Biodiversité, année décisive

AEAG- D Taillefer

AEAG- D Taillefer

Franck Solacroup, Directeur du Département des ressources en eaux et milieux aquatiques, à l’agence de l’eau Adour-Garonne

Cette année, la Journée mondiale de la biodiversité du 22 mai avait pour thème « Intégrer la biodiversité pour le maintien des populations et de leurs moyens de subsistance ». Éminemment stratégique par les thèmes qu’elle couvrait, cette journée était aussi à mi-chemin de la Décennie des Nations Unies pour la Biodiversité, débutée en 2011 et dont le prochain temps fort se déroulera en décembre à Cancun, au Mexique, avec la 13e réunion de la Conférence des parties sur la diversité biologique.

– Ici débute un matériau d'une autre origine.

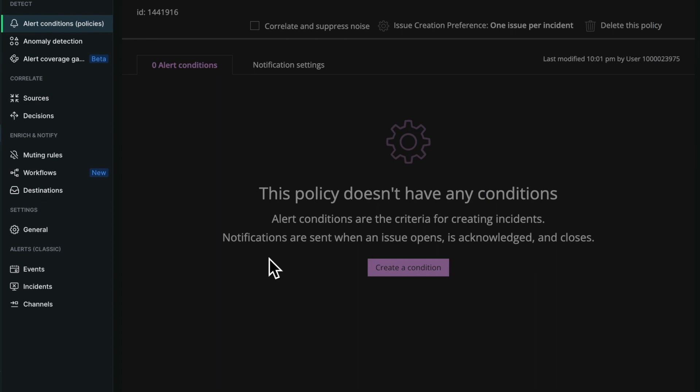Hello, I'd like to show you the new alert condition builder. I'm on the policy page in my account and I'm going to click to create a condition.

A l’échelle nationale, d’importants rendez-vous sont aussi attendus. Le premier concerne la transcription du protocole de Nagoya dans le projet de loi français pour la reconquête de la biodiversité, de la nature et des paysages *. Cet accord international vise à partager les avantages découlant de l’utilisation des ressources génétiques d’une manière juste et équitable. Une fois ratifié, il devrait aider à lutter contre l’accaparement abusif de ressources biologiques et par ricochet aider les populations locales à mieux tirer avantage de la commercialisation des éléments du vivant.

Le concours Capitales de la biodiversité, qui s’adresse aux villes et se clôture le 31 mai, a pris de son côté de l’ampleur. Il a été organisé en coordination avec la mission de préfiguration de l’Agence française pour la Biodiversité (AFB), dans le cadre de l’expérimentation de sa régionalisation. Ce sera à coup sûr l’occasion de promouvoir la structure, qui devrait voir le jour début 2017, au plus près des milieux et des communautés.